29 septembre 2022 | tiré de mediapart.fr
https://www.mediapart.fr/journal/economie/290922/au-royaume-uni-la-livre-sterling-dans-la-tempete-monetaire
Le ton était volontairement grave. Lors d’une réunion à Bruxelles, début septembre, la directrice générale du Fonds monétaire international (FMI), Kristalina Georgieva, se montra très sombre. « Il y a de grandes incertitudes sur la façon dont l’économie va se reconfigurer alors que les plaques tectoniques se déplacent », prévenait-elle. Avant d’ajouter : « Cela va être douloureux. »
Même si les analyses manquent encore pour documenter précisément ce qui se passe, chacune et chacun pressent qu’on assiste à un basculement, voire à des basculements du monde. Après avoir essuyé une succession de crises depuis 2008, l’économie mondiale est confrontée à une crise multiple, polymorphe, marquée par le retour de l’inflation, un choc énergétique sans précédent, une démondialisation des échanges et des productions, et le retour de la guerre sur le continent européen.
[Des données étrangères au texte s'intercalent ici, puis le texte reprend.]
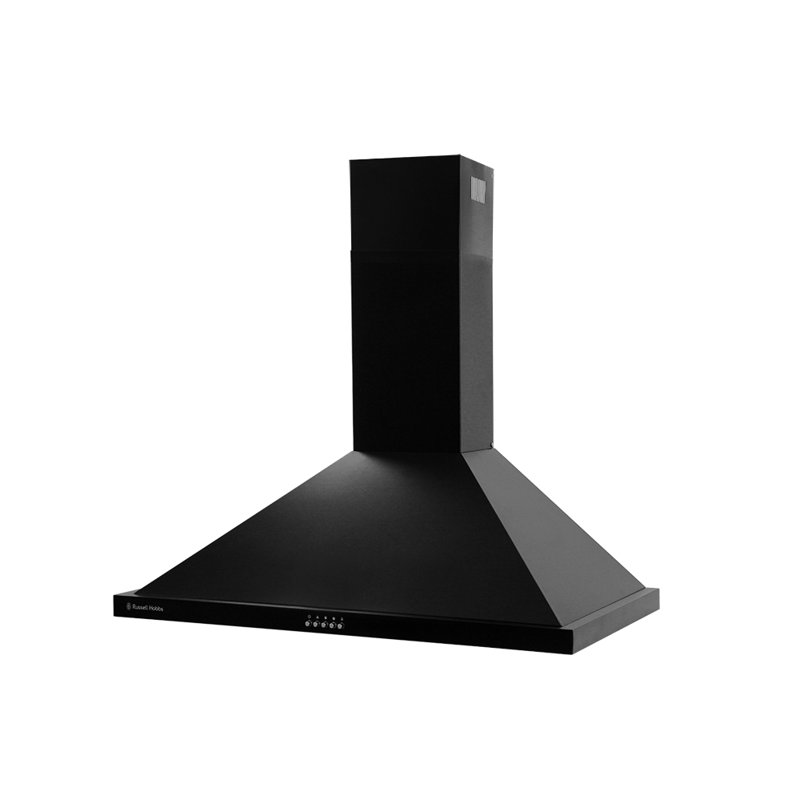 Russell Hobbs Rhsch901b-m 90cm Wide Black Steel Chimney Cooker Hood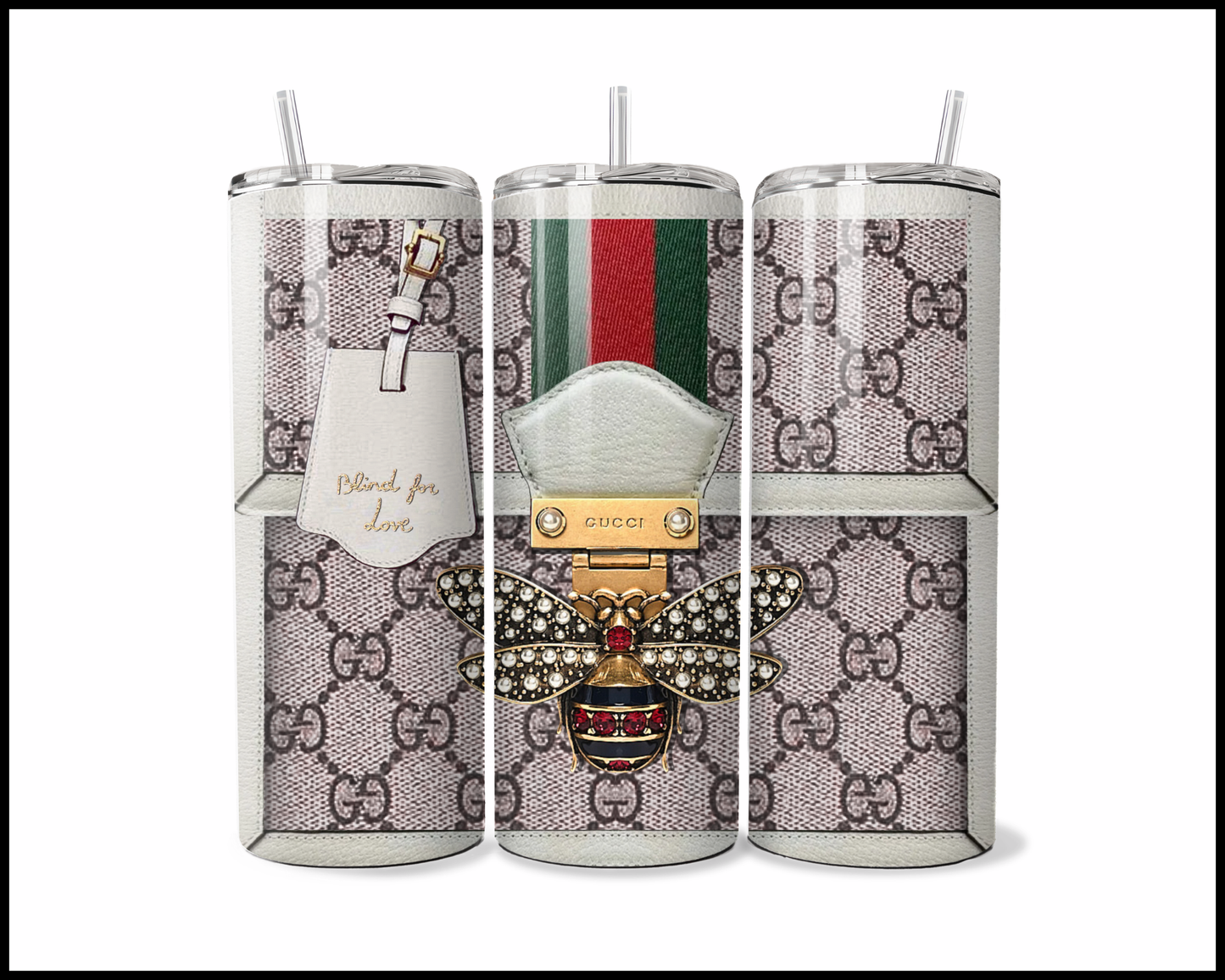Designer Handbag Inspired Tumbler (013)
Dans ces temps troublés, le dollar, seule monnaie de réserve internationale, et tous les actifs libellés dans la monnaie américaine sont comme des aimants pour les milliers de milliards de capitaux qui circulent dans le monde. Ils semblent être les dernières valeurs refuges. Partout dans le monde, la parole du président de la Réserve fédérale américaine (FED) est plus que jamais guettée. Il n’est pas seulement le banquier central des États-Unis, mais celui de l’économie mondiale. Un rôle que Jerome Powell n’entend pourtant pas assumer.
Lui s’en tient à sa mission première : le seul intérêt de l’économie américaine. Déterminé à combattre coûte que coûte l’inflation aux États-Unis, il a engagé, après des années de laxisme, une politique de resserrement monétaire sans précédent, augmentant à chaque réunion de la Fed les taux à une vitesse impressionnante et décidant d’ignorer les effets de bord.
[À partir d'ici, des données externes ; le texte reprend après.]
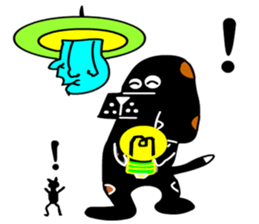 Of calico dog santaro2 sticker #6504214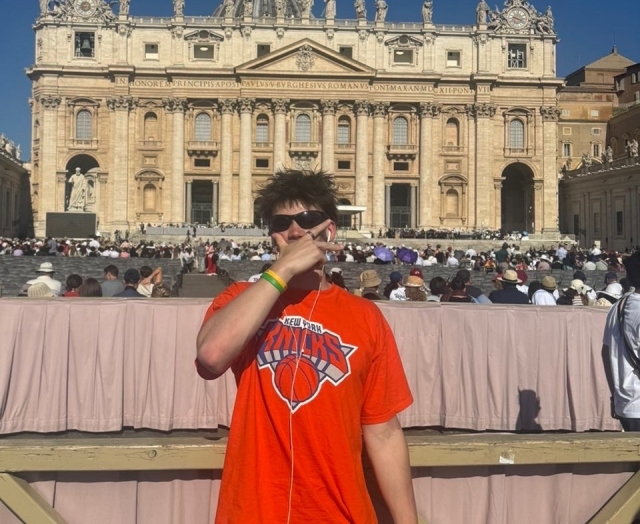 St. John's Student Robby DeLasho in Rome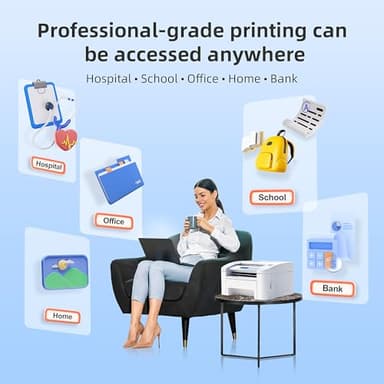 TN830 Toner Cartridge - Replacement Compatible for TN830 TN-830 TN830XL to use with HL-L2460DW DCP-L2640DW HL-L2405W HL-L2400D HL-L2480DW MFC-L2820DW MFC-L2820DWXL Printer (Black, 2-Pack) - Image 8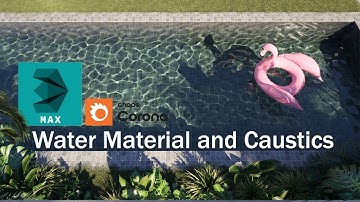 Amazing 3ds Max Swimming Pool Water Material With Caustics In Corona Render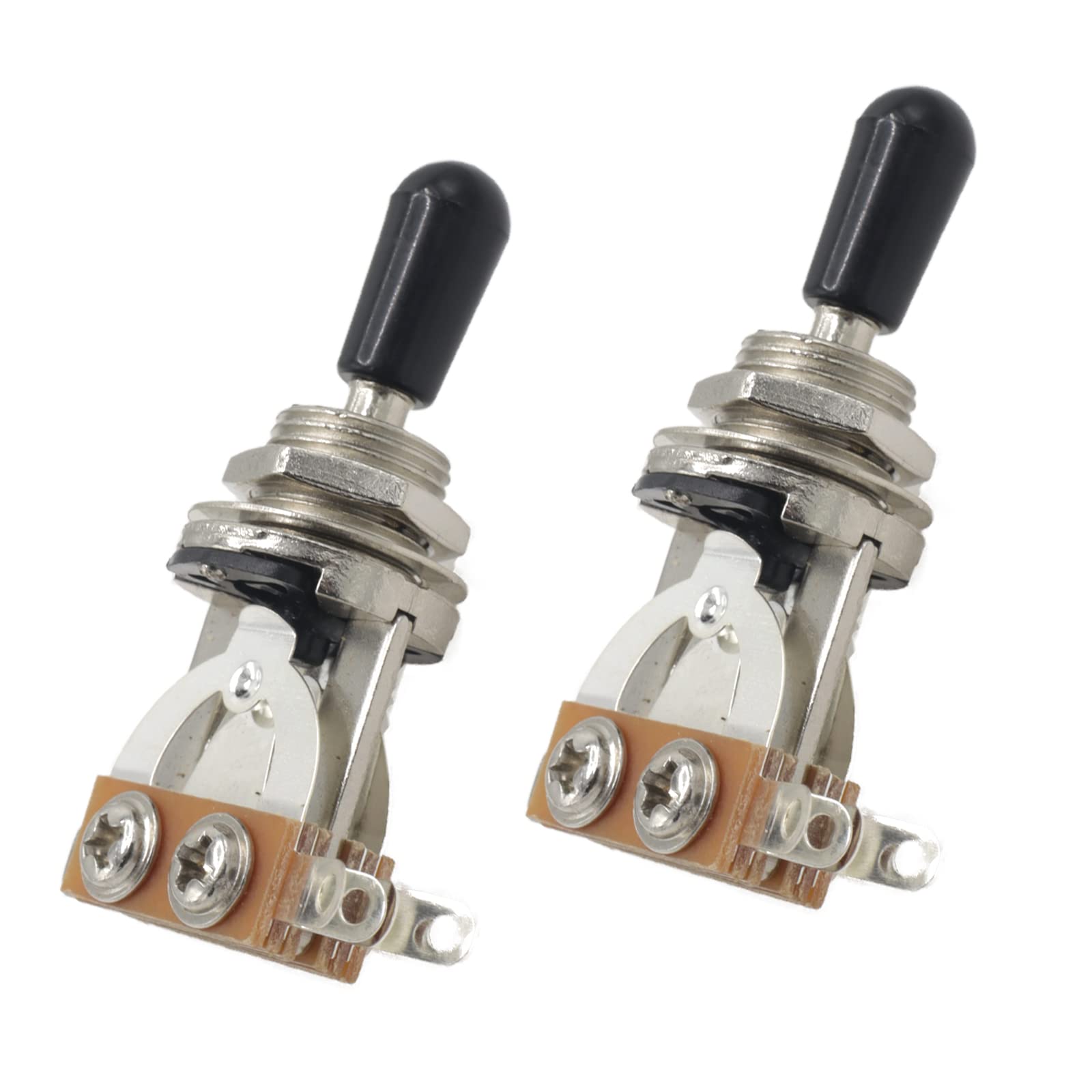 Cheerock Electric Guitar 3 Way Toggle Selector Switch For Les Paul   2Pcs Pickup Switch, Guitar Accessories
Et ceux-là sont nombreux, à l’intérieur même des États-Unis, avec une montée du chômage assumée et des risques importants de récession. Mais ils sont encore plus impressionnants à l’extérieur. Avec la hausse des taux, le dollar est encore plus recherché. Il ne cesse de s’apprécier, provoquant une migration des capitaux internationaux et une baisse des autres devises. Une guerre des monnaies inversée s’est engagée, poussant chaque banque centrale à augmenter aussi les taux, afin de contenir l’inflation, préserver sa monnaie et retenir les capitaux.
La dernière réunion de la Fed, le 21 septembre, au cours de laquelle elle a décidé d’augmenter à nouveau de 0,75 % ses taux directeurs, a encore accéléré les tensions monétaires mondiales. Jerome Powell a confirmé alors l’intention de la Réserve fédérale de procéder à des hausses répétées et fortes des taux directeurs américains dans les semaines et mois à venir. Le dollar s’est à nouveau envolé. Et toutes les autres grandes devises internationales – la livre sterling, le yen, l’euro, le dollar canadien, le dollar australien et même le franc suisse – ont valdingué. En un an, le panier des six devises majeures a perdu plus de 21 % par rapport à la monnaie américaine.
La Banque centrale américaine agit-elle trop vite, trop fort ? Les analystes des grandes banques commencent à s’interroger. Poussant la critique plus loin, un chroniqueur économique de l’agence Bloomberg, Marcus Ashworth, se demande si « les taux d’intérêt américains ne deviennent pas des armes de destructions économiques massives ». « Si la Fed relève ses taux de manière agressive, les effets se feront sentir au-delà de son champ de compétence national : certaines parties de l’économie mondiale s’effondreront », prévient-il.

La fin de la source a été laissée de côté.